Valproate displaces diazepam from its plasma albumin binding sites and inhibits its metabolism. Co-administration of valproate (1,500 mg daily) increased the free fraction of diazepam (10 mg) by 90% in healthy volunteers (n=6). Plasma clearance and volume of distribution for free diazepam were reduced by 25% and 20%, respectively, in the presence of valproate. The elimination half-life of diazepam remained unchanged upon addition of valproate.
Valproate inhibits the metabolism of ethosuximide. Administration of a single ethosuximide dose of 500 mg with valproate (800 to 1,600 mg/day) to healthy volunteers (n=6) was accompanied by a 25% increase in elimination half-life of ethosuximide and a 15% decrease in its total clearance as compared to ethosuximide alone. Patients receiving valproate and ethosuximide, especially along with other anticonvulsants, should be monitored for alterations in serum concentrations of both drugs.
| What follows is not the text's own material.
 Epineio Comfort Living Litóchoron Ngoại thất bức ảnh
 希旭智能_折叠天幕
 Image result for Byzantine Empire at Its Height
In a steady-state study involving 10 healthy volunteers, the elimination half-life of lamotrigine increased from 26 to 70 hours with valproate co-administration (a 165% increase). The dose of lamotrigine should be reduced when co-administered with valproate. Serious skin reactions (such as Stevens-Johnson syndrome and toxic epidermal necrolysis) have been reported with concomitant lamotrigine and valproate administration. See lamotrigine package insert for details on lamotrigine dosing with concomitant valproate administration.
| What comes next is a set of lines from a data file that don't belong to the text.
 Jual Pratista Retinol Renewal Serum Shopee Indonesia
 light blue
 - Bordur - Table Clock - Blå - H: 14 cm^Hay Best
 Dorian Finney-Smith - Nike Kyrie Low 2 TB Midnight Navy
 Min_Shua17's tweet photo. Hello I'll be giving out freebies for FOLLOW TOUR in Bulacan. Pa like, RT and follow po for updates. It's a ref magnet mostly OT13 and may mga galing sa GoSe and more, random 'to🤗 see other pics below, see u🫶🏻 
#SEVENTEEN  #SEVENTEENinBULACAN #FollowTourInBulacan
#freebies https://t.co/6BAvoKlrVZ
Valproate was found to inhibit the metabolism of phenobarbital. Co-administration of valproate (250 mg BID for 14 days) with phenobarbital to normal subjects (n=6) resulted in a 50% increase in half-life and a 30% decrease in plasma clearance of phenobarbital (60 mg single-dose). The fraction of phenobarbital dose excreted unchanged increased by 50% in presence of valproate.
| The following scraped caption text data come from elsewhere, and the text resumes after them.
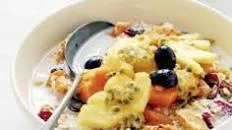 Muesli recipes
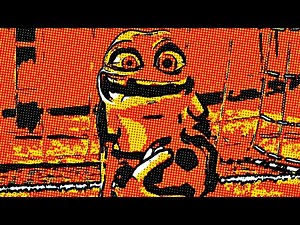 Crazy Frog | We Are The Champions | Best Mix Neon Fx | Mixed Sounds Variations | ChanowTv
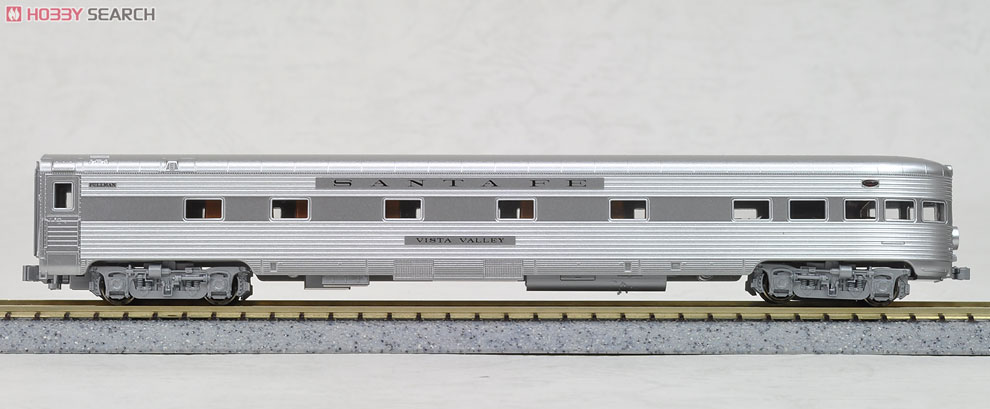 Santa Fe Super Chief (サンタ・フェ スーパーチーフ) (新車番/銀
There is evidence for severe CNS depression, with or without significant elevations of barbiturate or valproate serum concentrations. All patients receiving concomitant barbiturate therapy should be closely monitored for neurological toxicity. Serum barbiturate concentrations should be obtained, if possible, and the barbiturate dosage decreased, if appropriate.
Primidone, which is metabolized to a barbiturate, may be involved in a similar interaction with valproate.
Valproate displaces phenytoin from its plasma albumin binding sites and inhibits its hepatic metabolism. Co-administration of valproate (400 mg TID) with phenytoin (250 mg) in normal volunteers (n=7) was associated with a 60% increase in the free fraction of phenytoin. Total plasma clearance and apparent volume of distribution of phenytoin increased 30% in the presence of valproate. Both the clearance and apparent volume of distribution of free phenytoin were reduced by 25%.
In patients with epilepsy, there have been reports of breakthrough seizures occurring with the combination of valproate and phenytoin. The dosage of phenytoin should be adjusted as required by the clinical situation.
From in vitro experiments, the unbound fraction of tolbutamide was increased from 20% to 50% when added to plasma samples taken from patients treated with valproate. The clinical relevance of this displacement is unknown.
In an in vitro study, valproate increased the unbound fraction of warfarin by up to 32.6%. The therapeutic relevance of this is unknown; however, coagulation tests should be monitored if valproate therapy is instituted in patients taking anticoagulants.
In six patients who were seropositive for HIV, the clearance of zidovudine (100 mg q 8 h) was decreased by 38% after administration of valproate (250 or 500 mg q 8 h); the half-life of zidovudine was unaffected.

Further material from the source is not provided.